However, we can assist Nature’s healing and abet her amelioration processes. The Flushing, Ohio landowners returned the land to a near-natural contour. They accommodated drainage and surface water flow to resemble patterns common to this region. The company had stock-piled surface soils and reapplied them to the reclaimed landscape. They re-vegetated quickly and encouraged its growth and establishment. They are conscious of soil formation as a necessary requisite to full and long-term land health and its economic vitality. Land ownership comes with costs (e.g., taxes; access maintenance; protection from fire and trespass; fences); the owners seek a return on their continuing investment of time and resources. They seek an economically viable premium breed cattle operation. They realize that the more responsibly they steward the land, the more viable their operation.
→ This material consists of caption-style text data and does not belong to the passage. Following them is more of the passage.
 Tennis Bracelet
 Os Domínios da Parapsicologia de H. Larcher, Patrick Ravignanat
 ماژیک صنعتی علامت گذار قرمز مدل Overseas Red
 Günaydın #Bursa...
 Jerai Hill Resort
They believe in Earth Stewardship… because it’s the right thing to do and it’s doing things right. As we drove back to Morgantown, we observed many pastures on hillsides that have never been stripped for coal. We saw far too many hillsides bearing the distinctive scars of over-grazing. Corduroy contours of cattle walkways; bare ground where the grasses and forbs no longer constitute a soil-protecting stand; resultant erosion gullies; failed stream banks. Good land practices follow simple and proven treatment sequences and actions. Excellent stewardship can yield exemplary results on land that some would describe as having been decimated, destroyed, ruined by strip-mining. We saw first-hand in Flushing that good stewardship can return such abused land to full (and perhaps better than pre-disturbance) productivity — restoring its beauty, magic, wonder, and awe. In contrast, as we returned to West Virginia, we witnessed that irresponsible treatment of undisturbed land can be a travesty of abuse, devastation, destruction, and ruination without a single bulldozer scarring the land.

 

Broad Lessons for Our Relationship to the Land

I will draw this essay to a conclusion by offering four relevant quotes from a conservation and land ethic giant, Aldo Leopold.
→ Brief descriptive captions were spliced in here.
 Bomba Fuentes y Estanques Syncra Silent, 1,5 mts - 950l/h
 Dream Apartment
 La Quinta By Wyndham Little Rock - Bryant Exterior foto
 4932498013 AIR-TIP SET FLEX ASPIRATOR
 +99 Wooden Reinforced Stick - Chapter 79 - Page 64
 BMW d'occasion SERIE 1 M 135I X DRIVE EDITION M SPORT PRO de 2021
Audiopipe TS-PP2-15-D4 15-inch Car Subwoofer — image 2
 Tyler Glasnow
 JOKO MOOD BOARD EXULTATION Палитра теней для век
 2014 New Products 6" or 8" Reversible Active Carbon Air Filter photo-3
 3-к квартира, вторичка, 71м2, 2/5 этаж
Leopold wrote in A Sand County Almanac: “All conservation of wildness is self-defeating, for to cherish we must see and fondle, and when enough have seen and fondled, there is no wilderness left to cherish.” The landowners, my colleagues, and I certainly do not view the property as wilderness yet we do see it as a landscape blend of domesticated and wild. The fish, amphibians, and reptiles within the ponds do not care that their habitat is an artificial impoundment. The critters living within and near the debris-hill forest pay little heed to its origins.

Leopold also wrote that “We abuse land because we see it as a commodity belonging to us. When we see land as a community to which we belong, we may begin to use it with love and respect.” The landowners may not have referred to their operation as a community. However, they spoke of it in such reverent and respectful terms that they conveyed the same sentiment Leopold expressed. They view the land, their home, and the cattle enterprise as fully integrated… and they see themselves as one with it.
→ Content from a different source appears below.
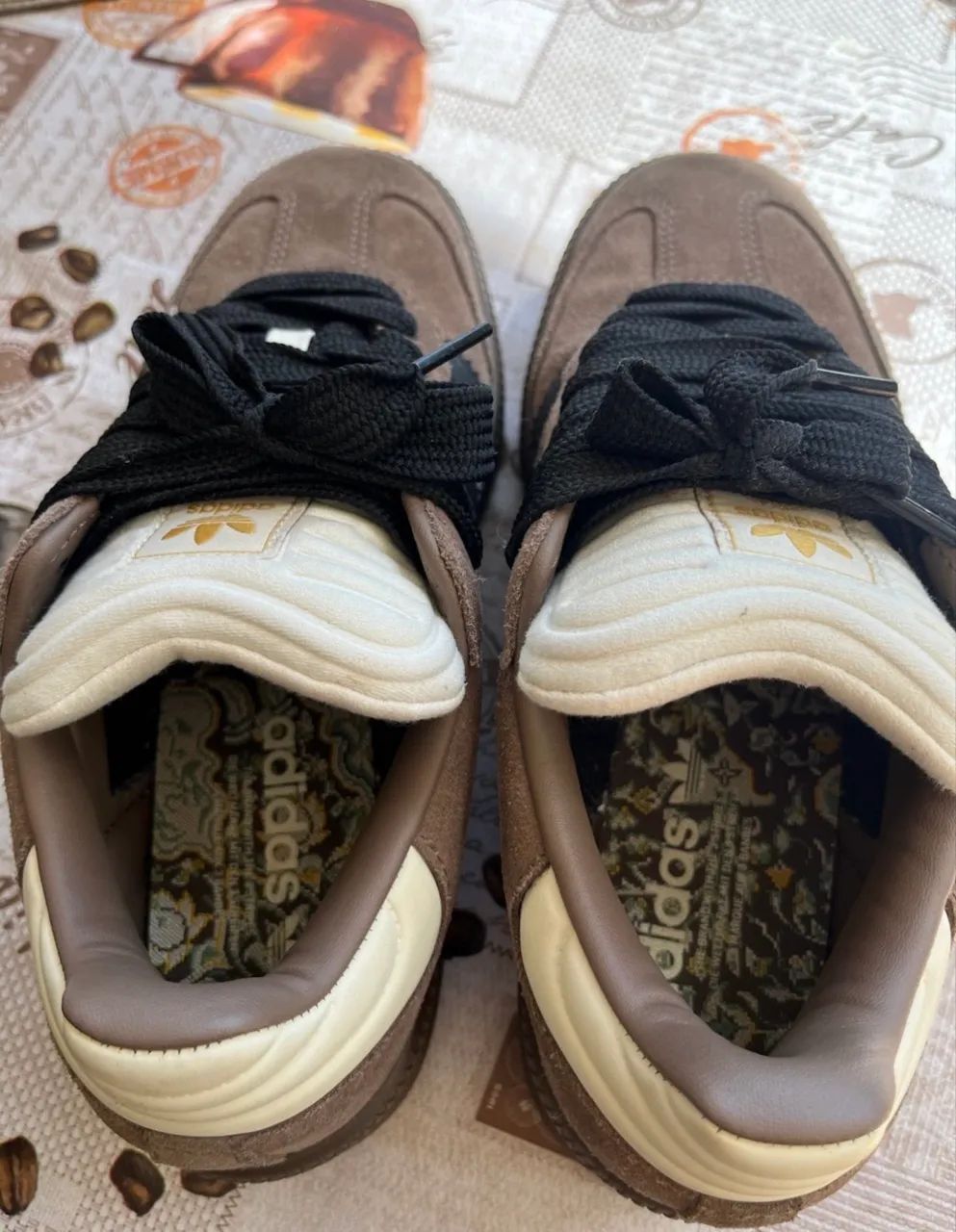 tênis adidas SAMBA XLG - Foto 2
I observed earlier that the landowners reached beyond the expedient in rehabilitating the land. Leopold counseled all of us, with respect to caring for the land and its denizens, “Examine each question in terms of what is ethically and aesthetically right, as well as what is economically expedient. A thing is right when it tends to preserve the integrity, stability, and beauty of the biotic community. It is wrong when it tends otherwise.” Leopold expressed these thoughts nearly 70 years ago; the Ohio land stewards have been walking the talk for at least 35 years. They have and are doing the right thing.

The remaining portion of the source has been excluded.